Blog & Updates
Waiting for the lame duck
October 14, 2010 - Posted by Maurice Belanger
Members of Congress are out campaigning for re-election, and there will be no more consideration of legislation until after they return later in November.
Just before the election recess, on September 29, Senators Robert Menendez (D-NJ) and Patrick Leahy (D-VT) introduced S.3932, the Comprehensive Immigration Reform Act of 2010.
The bill contains the same basic elements that have comprised other comprehensive reform bills in recent years:
Title I focuses on border enforcement. Title II pertains to interior enforcement, and includes a subtitle on detention reforms. Title III focuses on worksite enforcement, including an electronic worker verification program and authorizes a voluntary “enhanced” verification system with a biometric identifier.
Title IV reforms the current admissions system. It establishes a commission that will study the labor market and make admissions recommendations based on economic conditions. It creates a new temporary worker program with visa limits set by the commission. The new worker visa will be issued for a three-year period, renewable once, but it will be possible for workers to adjust to permanent status. It reforms the family visa system in a number of ways, among them: reclassifying spouses and minor children of permanent residents as “immediate relatives” (thus eliminating long waits for visa availability); raising the “per-country ceiling” from seven to 15 percent of total admissions; and including the concept of “permanent partners” in the admissions system. AgJOBS is incorporated in this title.

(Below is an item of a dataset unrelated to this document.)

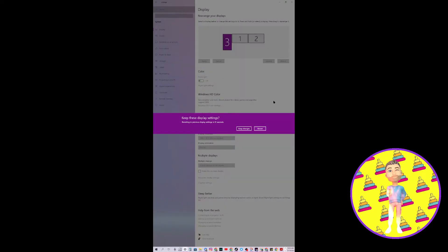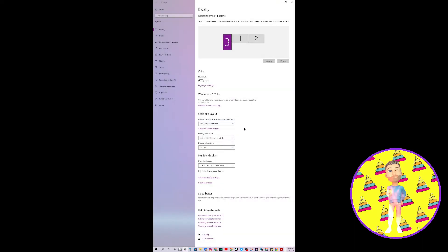And then it will flip your screen. You just have to choose to keep changes. And you're in portrait mode now.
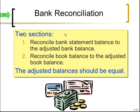Now we're going to look at the bank reconciliation — those adjustments we just talked about. We're going to reconcile the bank statement balance to the adjusted bank balance, and then reconcile the book balance to the adjusted book balance. Those adjusted balances need to be equal. Once we've adjusted both the bank and the book, they should balance out. If not, we have a mistake somewhere.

Title V provides for the legalization of undocumented immigrants in the U.S. as of September 30 (2010). After six years, the legalized immigrants may adjust to permanent status. Title V incorporates the DREAM Act. Title VI pertains to immigrant integration, and includes the “Strengthen and United Communities with Civics Education and English Skills” Act introduced by Senator Gillibrand (D-NY) and Lamar Alexander (R-TN). It also contains other miscellaneous provisions.

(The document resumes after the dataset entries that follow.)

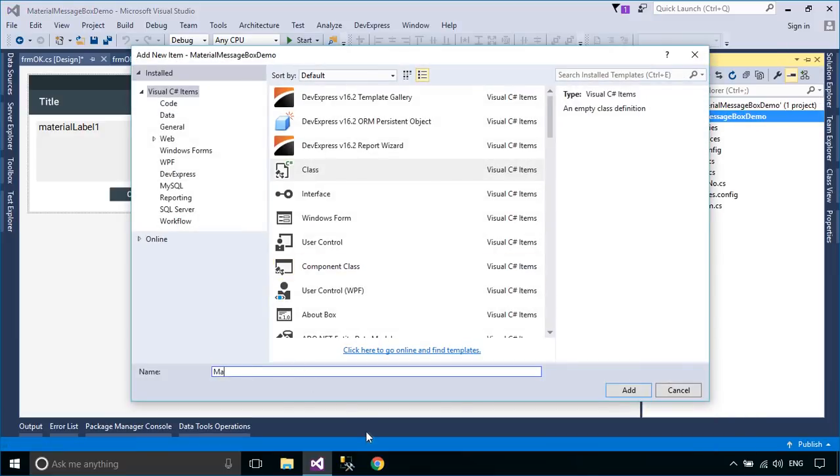You can create a material message box to display the YesNoMessageBox or OkMessageBox.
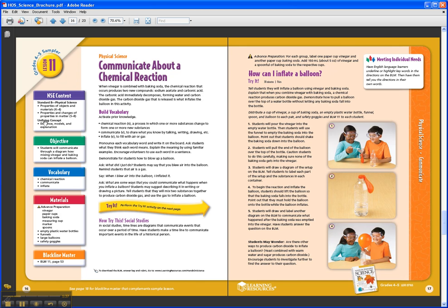At the top of the left page, you'll see the background information about the topic, so you can study up before you present the lesson. You even get the key vocabulary words and their definitions, and even better, you get an exact script of exactly what to say to the student as you're introducing the concept.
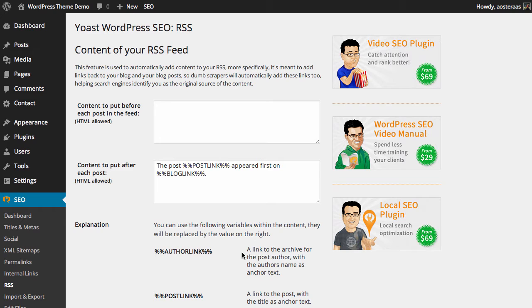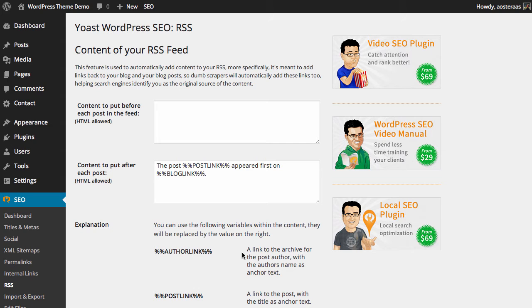It will currently read: the post post link appeared first on blog link. So what this does is in the event that someone is scraping your RSS feed and publishing your content on their own website, it'll make sure that there are links to your website within that post. It can help protect you against Google penalizing you and the other website for having duplicate content.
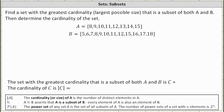We're asked to find a set with the greatest cardinality, meaning the largest possible size, that is a subset of both A and B. Then determine the cardinality of that set.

Senator Menendez offers a brief summary of the bill in his statement about its introduction.
More information about the bill can be found on the Web site of the American Immigration Lawyers Association, including text of the bill (before it was assigned a number), a “brief” (16-page) summary of the bill, and a longer (73-page) section-by-section summary of the bill.
The bill was introduced just before the recess; no action was taken. Critics charged that the last-minute introduction of this bill, along with the very-late-in-the-session consideration of the DREAM Act on the Senate floor, was a cynical ploy to appeal to Latino voters just before an election. It is absolutely shocking that politicians would offer policy proposals aimed at mobilizing their base voters prior to an election. It just never happens. The next thing you know, politicians will be promising prospective voters they will not raise taxes. OK, never mind.

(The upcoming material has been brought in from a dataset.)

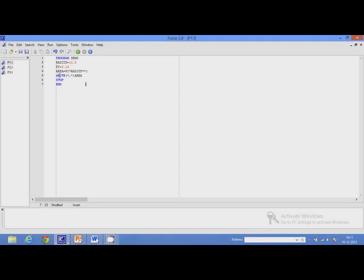This is another keyword: W-R-I-T-E. This is stop, S-T-O-P, and end. We know that these are Fortran commands. So keywords are basically Fortran commands — these words are used by Fortran for performing some actions and therefore cannot be used as variables or constants. All other words we use in our program are called identifiers. For example, D-E-M-O is an identifier, used as the name of the program.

The truth is that New American and Latino voters have had little to be encouraged about from this Congress, and there had been indications that they would be much less enthusiastic about voting in the upcoming mid-term elections. The debate about the DREAM Act and the introduction of comprehensive immigration reform in the Senate (and before that the enactment of Arizona’s SB 1070) helped to clarify the positions of the parties for voters, and there are some signs that the immigration debate will help push Latinos to the polls.
A Pew Hispanic poll, released on October 5th, found that Latino registered voters favored Democratic candidates over Republicans by a margin of 65% to 22%. Latinos who had discussed the immigration policy debate with others during the past year are more motivated to vote, according to the Pew poll. Weekly tracking polls conducted by Latino Decisions indicate that the “Latino enthusiasm gap” seems to be closing, with 75% of Latino registered voters now saying they are “almost certain” to vote in November.
In light of all this, it will be interesting to see if motivation provided by last-minute pro-immigration legislative battles will overcome a disinclination to vote by a lot of disappointed New American and Latino voters. As America’s Voice notes, voter mobilization efforts are just getting underway.
After the election, Congress will return for a lame duck session. The “lame ducks” are those Members of Congress who will not be returning next year, either because they lost their election or they had decided to retire. Activity in a lame duck session can be hard to predict. Members who have lost an election will be freed from having to please voters, and may not feel beholden to the purity police within their own parties. These Members may feel free to vote their conscience. That might improve prospects for some immigration legislation to pass. On the other hand, if Democrats lose control of the House or Senate, Republicans may feel emboldened to hold the line against change, knowing they will control the next Congress.
In any event, there remains a fair amount of essential business to complete. Topping the agenda is funding the government for the fiscal year that began October 1st. Right now, the government is being funded through a “continuing resolution,” which continues the previous year’s level of funding through December 3rd. It is expected that, instead of separate bills allocating funds to the various agencies, there will be one giant “omnibus” spending bill that will fund the entire government. In any event, decisions on budgetary priorities will not be finalized until the spending bill is done.
The way things have gone so far in the 111th Congress, the final spending bill will be delivered to the White house in a sled driven by a team of reindeer.